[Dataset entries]
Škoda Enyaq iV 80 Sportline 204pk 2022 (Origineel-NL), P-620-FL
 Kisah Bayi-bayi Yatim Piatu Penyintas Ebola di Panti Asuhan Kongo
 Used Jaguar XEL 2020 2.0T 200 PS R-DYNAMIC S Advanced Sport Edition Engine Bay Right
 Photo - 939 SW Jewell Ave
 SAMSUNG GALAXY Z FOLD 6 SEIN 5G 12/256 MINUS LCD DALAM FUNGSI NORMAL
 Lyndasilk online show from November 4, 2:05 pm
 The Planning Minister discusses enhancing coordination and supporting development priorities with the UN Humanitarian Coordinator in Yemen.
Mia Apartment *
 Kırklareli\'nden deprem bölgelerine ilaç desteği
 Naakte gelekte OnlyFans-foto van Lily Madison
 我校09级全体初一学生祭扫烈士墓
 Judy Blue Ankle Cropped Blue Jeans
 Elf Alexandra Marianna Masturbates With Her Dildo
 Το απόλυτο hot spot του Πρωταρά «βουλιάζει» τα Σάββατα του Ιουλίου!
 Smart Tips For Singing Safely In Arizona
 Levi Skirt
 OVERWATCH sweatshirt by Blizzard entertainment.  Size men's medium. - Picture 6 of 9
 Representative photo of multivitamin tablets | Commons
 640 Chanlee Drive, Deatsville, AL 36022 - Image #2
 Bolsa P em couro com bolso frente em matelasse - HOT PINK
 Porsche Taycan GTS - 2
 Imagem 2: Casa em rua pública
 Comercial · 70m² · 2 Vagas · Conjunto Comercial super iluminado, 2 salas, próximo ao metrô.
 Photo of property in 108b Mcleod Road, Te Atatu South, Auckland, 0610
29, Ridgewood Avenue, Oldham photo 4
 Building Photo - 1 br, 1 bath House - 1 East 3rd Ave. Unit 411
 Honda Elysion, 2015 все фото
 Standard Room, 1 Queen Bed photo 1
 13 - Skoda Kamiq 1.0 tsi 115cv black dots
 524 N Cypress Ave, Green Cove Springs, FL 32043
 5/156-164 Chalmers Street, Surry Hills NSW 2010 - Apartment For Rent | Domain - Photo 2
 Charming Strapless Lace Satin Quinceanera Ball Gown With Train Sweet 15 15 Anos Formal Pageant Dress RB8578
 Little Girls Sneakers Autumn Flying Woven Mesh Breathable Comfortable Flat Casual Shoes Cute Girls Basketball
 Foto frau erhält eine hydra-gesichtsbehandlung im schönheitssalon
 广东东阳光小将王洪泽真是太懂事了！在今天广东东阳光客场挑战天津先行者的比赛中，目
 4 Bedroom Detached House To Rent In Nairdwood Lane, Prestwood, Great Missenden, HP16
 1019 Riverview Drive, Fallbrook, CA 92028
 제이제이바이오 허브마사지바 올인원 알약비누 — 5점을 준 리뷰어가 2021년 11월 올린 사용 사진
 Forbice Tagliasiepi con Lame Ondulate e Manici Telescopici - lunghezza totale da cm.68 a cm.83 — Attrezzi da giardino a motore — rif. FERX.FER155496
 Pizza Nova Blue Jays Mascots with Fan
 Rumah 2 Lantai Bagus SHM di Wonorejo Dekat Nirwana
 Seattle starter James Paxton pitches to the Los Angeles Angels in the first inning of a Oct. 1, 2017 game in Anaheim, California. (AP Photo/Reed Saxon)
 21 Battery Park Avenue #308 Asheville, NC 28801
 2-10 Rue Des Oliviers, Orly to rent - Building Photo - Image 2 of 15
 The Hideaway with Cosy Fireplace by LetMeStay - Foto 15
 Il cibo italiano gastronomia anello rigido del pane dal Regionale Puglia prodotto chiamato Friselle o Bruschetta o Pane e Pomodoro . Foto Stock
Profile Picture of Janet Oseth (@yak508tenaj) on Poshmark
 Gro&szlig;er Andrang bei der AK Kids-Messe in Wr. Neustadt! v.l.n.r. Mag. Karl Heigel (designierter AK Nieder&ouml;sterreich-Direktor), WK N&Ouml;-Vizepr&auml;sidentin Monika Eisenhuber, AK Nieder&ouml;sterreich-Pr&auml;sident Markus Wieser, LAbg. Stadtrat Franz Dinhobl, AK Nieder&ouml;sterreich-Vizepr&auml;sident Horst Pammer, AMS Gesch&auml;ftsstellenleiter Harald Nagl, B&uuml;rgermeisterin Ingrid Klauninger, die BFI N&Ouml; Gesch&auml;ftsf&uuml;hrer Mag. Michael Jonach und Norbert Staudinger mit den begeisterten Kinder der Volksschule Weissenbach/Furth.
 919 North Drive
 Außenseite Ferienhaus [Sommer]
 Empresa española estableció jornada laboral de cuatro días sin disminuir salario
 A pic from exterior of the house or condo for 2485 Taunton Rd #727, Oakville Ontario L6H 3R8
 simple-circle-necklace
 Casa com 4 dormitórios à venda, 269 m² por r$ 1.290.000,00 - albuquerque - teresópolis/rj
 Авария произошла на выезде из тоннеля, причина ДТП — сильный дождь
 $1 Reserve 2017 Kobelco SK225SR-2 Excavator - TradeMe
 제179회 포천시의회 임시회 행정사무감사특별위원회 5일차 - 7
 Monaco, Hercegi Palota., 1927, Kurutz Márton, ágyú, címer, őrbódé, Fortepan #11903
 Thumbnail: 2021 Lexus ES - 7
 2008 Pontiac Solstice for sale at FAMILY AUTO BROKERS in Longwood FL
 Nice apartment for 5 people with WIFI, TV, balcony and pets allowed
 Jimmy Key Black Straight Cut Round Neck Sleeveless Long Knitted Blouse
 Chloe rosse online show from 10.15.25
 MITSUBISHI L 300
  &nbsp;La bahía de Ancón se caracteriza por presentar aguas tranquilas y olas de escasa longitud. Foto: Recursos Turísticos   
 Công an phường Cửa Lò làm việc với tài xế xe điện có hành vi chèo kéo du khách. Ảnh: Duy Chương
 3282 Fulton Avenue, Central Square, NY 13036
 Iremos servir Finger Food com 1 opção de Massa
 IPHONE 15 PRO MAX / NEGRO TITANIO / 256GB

--- Task to carry out ---
Extract exactly the leading lines of the data, stopping at and including the line with "5/156-164 Chalmers Street, Surry".

--- Completed exercise ---
Škoda Enyaq iV 80 Sportline 204pk 2022 (Origineel-NL), P-620-FL
 Kisah Bayi-bayi Yatim Piatu Penyintas Ebola di Panti Asuhan Kongo
 Used Jaguar XEL 2020 2.0T 200 PS R-DYNAMIC S Advanced Sport Edition Engine Bay Right
 Photo - 939 SW Jewell Ave
 SAMSUNG GALAXY Z FOLD 6 SEIN 5G 12/256 MINUS LCD DALAM FUNGSI NORMAL
 Lyndasilk online show from November 4, 2:05 pm
 The Planning Minister discusses enhancing coordination and supporting development priorities with the UN Humanitarian Coordinator in Yemen.
Mia Apartment *
 Kırklareli\'nden deprem bölgelerine ilaç desteği
 Naakte gelekte OnlyFans-foto van Lily Madison
 我校09级全体初一学生祭扫烈士墓
 Judy Blue Ankle Cropped Blue Jeans
 Elf Alexandra Marianna Masturbates With Her Dildo
 Το απόλυτο hot spot του Πρωταρά «βουλιάζει» τα Σάββατα του Ιουλίου!
 Smart Tips For Singing Safely In Arizona
 Levi Skirt
 OVERWATCH sweatshirt by Blizzard entertainment.  Size men's medium. - Picture 6 of 9
 Representative photo of multivitamin tablets | Commons
 640 Chanlee Drive, Deatsville, AL 36022 - Image #2
 Bolsa P em couro com bolso frente em matelasse - HOT PINK
 Porsche Taycan GTS - 2
 Imagem 2: Casa em rua pública
 Comercial · 70m² · 2 Vagas · Conjunto Comercial super iluminado, 2 salas, próximo ao metrô.
 Photo of property in 108b Mcleod Road, Te Atatu South, Auckland, 0610
29, Ridgewood Avenue, Oldham photo 4
 Building Photo - 1 br, 1 bath House - 1 East 3rd Ave. Unit 411
 Honda Elysion, 2015 все фото
 Standard Room, 1 Queen Bed photo 1
 13 - Skoda Kamiq 1.0 tsi 115cv black dots
 524 N Cypress Ave, Green Cove Springs, FL 32043
 5/156-164 Chalmers Street, Surry Hills NSW 2010 - Apartment For Rent | Domain - Photo 2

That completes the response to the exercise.